**Task instructions**
Emit the data below verbatim, stripping out any pictures.

BEGIN Provided data

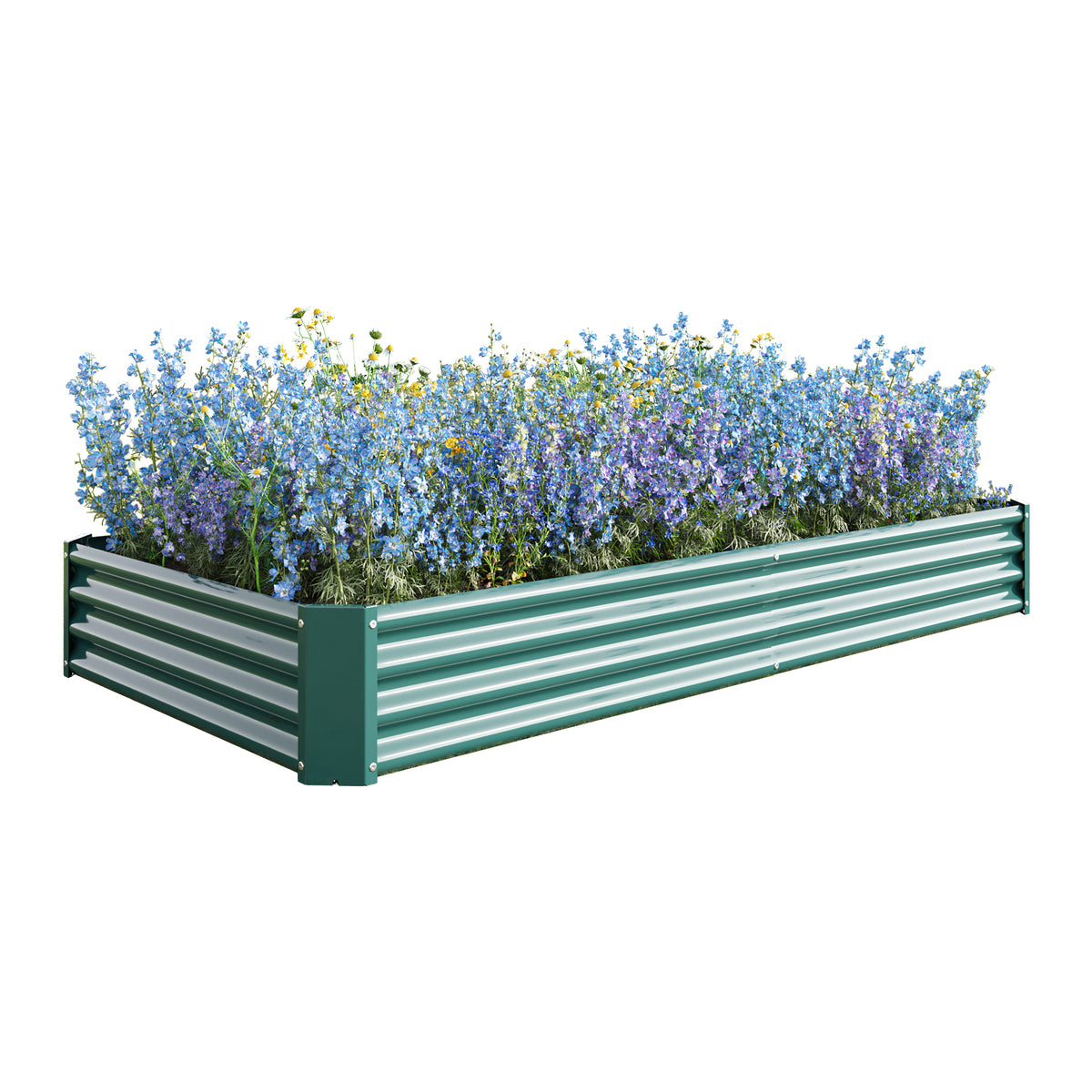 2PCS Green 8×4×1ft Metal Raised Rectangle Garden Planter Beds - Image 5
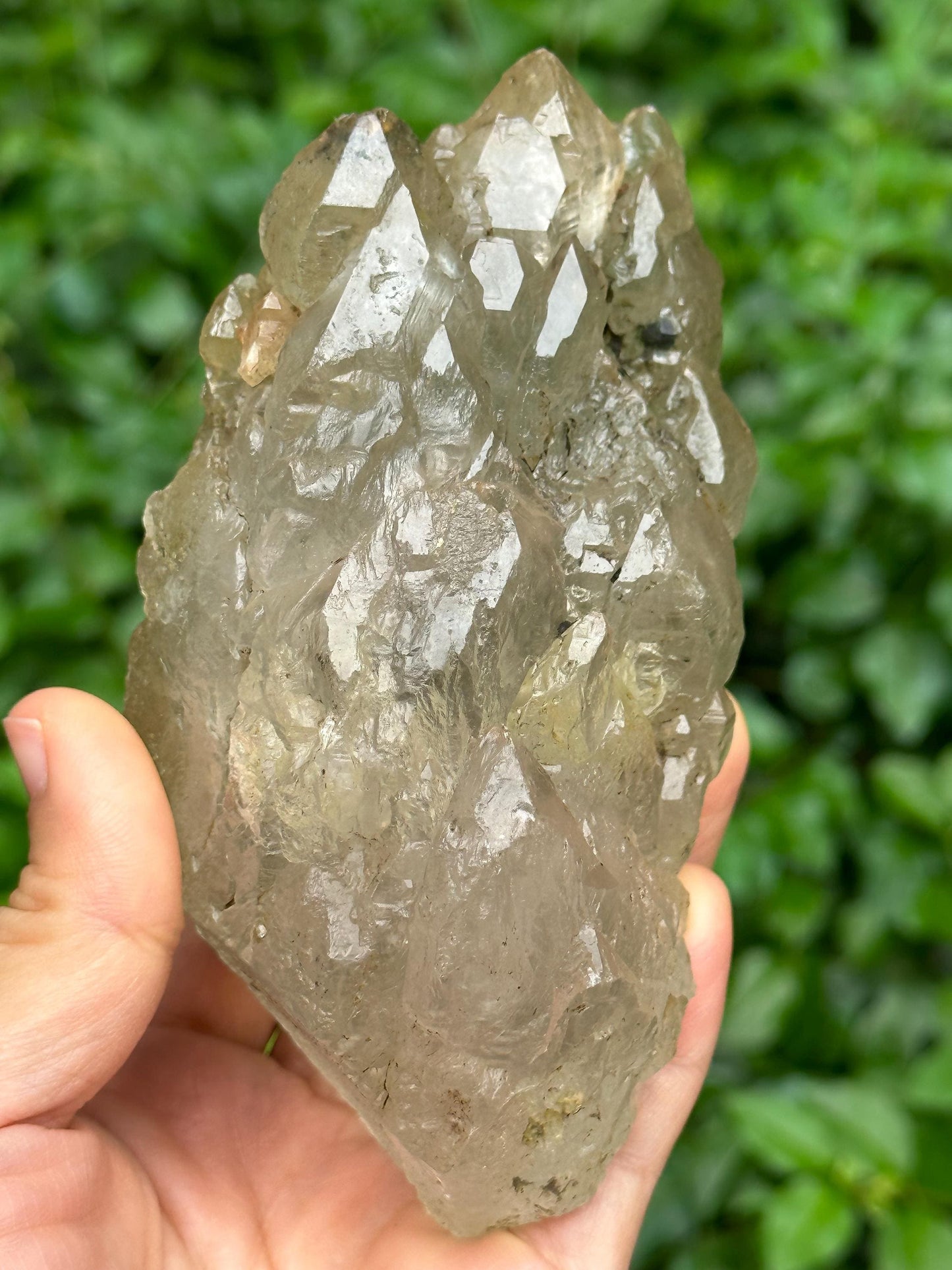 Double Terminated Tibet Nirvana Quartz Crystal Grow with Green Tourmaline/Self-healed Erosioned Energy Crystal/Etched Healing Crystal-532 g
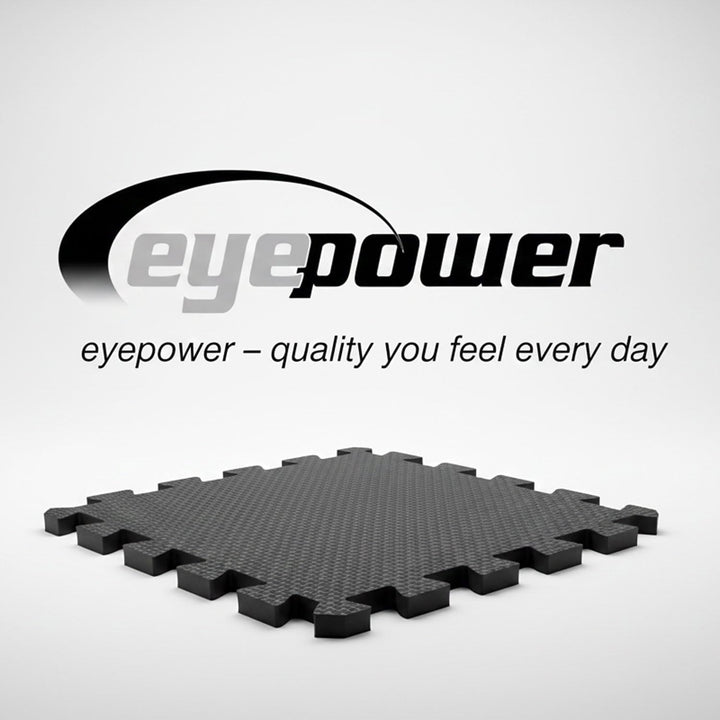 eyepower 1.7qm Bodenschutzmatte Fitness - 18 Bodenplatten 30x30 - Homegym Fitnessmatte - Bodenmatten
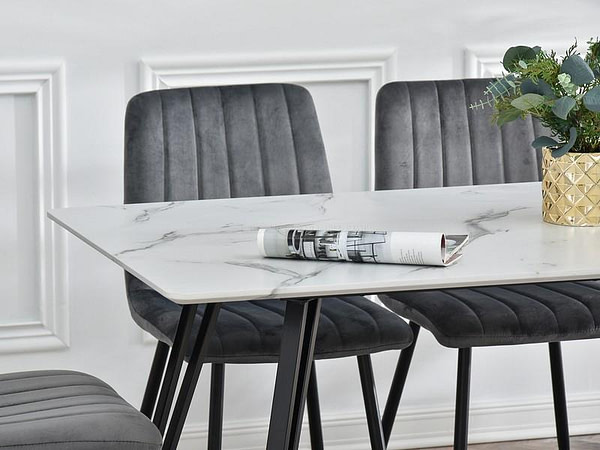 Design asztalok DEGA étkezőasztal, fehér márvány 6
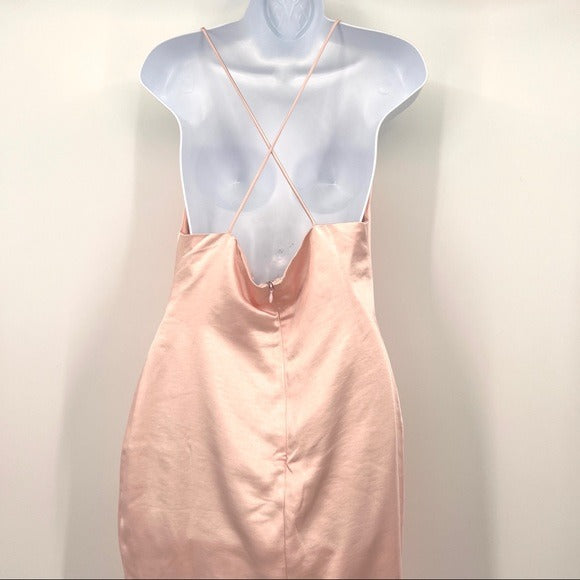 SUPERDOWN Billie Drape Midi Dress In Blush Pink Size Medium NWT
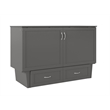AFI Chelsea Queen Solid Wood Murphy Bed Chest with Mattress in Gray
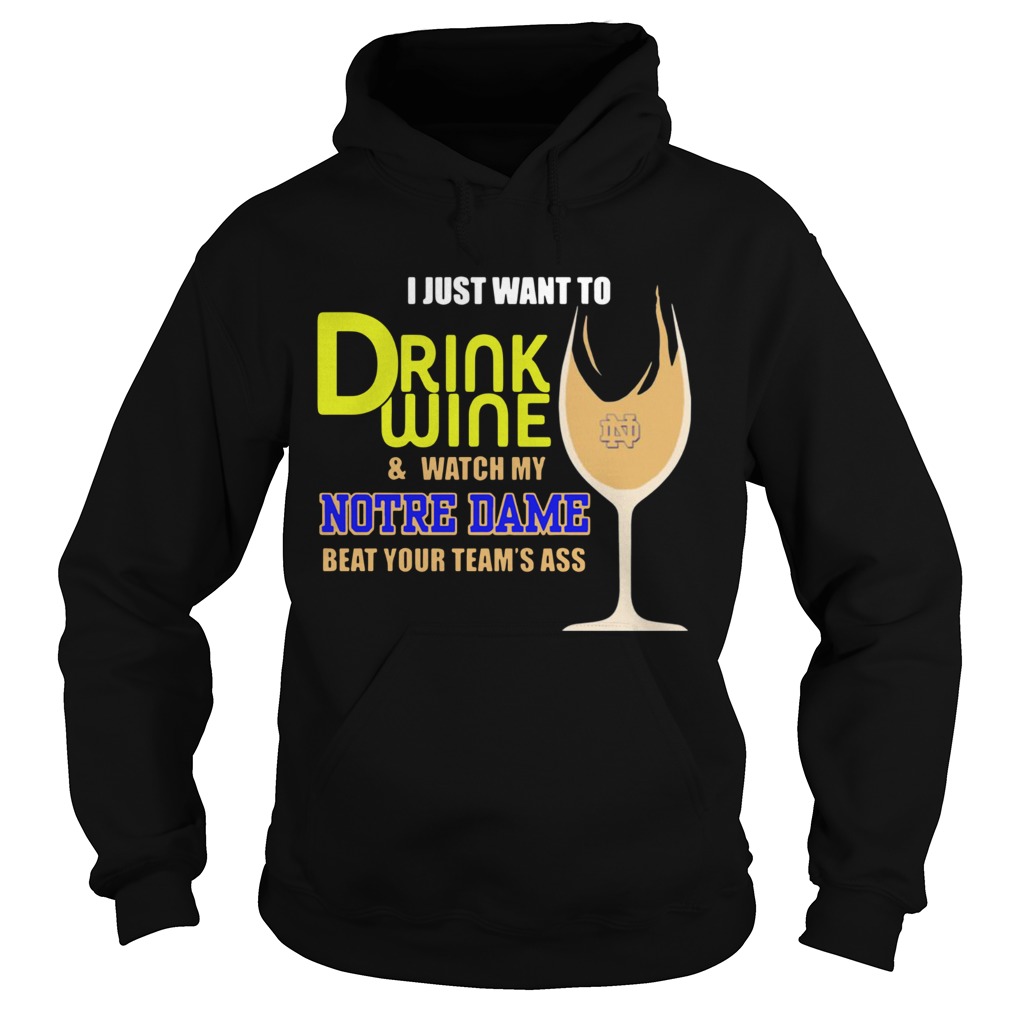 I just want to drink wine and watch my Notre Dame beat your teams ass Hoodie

END Provided data

**Answer for the task**
 2PCS Green 8×4×1ft Metal Raised Rectangle Garden Planter Beds - Image 5
 Double Terminated Tibet Nirvana Quartz Crystal Grow with Green Tourmaline/Self-healed Erosioned Energy Crystal/Etched Healing Crystal-532 g
 eyepower 1.7qm Bodenschutzmatte Fitness - 18 Bodenplatten 30x30 - Homegym Fitnessmatte - Bodenmatten
 Design asztalok DEGA étkezőasztal, fehér márvány 6
 SUPERDOWN Billie Drape Midi Dress In Blush Pink Size Medium NWT
AFI Chelsea Queen Solid Wood Murphy Bed Chest with Mattress in Gray
 I just want to drink wine and watch my Notre Dame beat your teams ass Hoodie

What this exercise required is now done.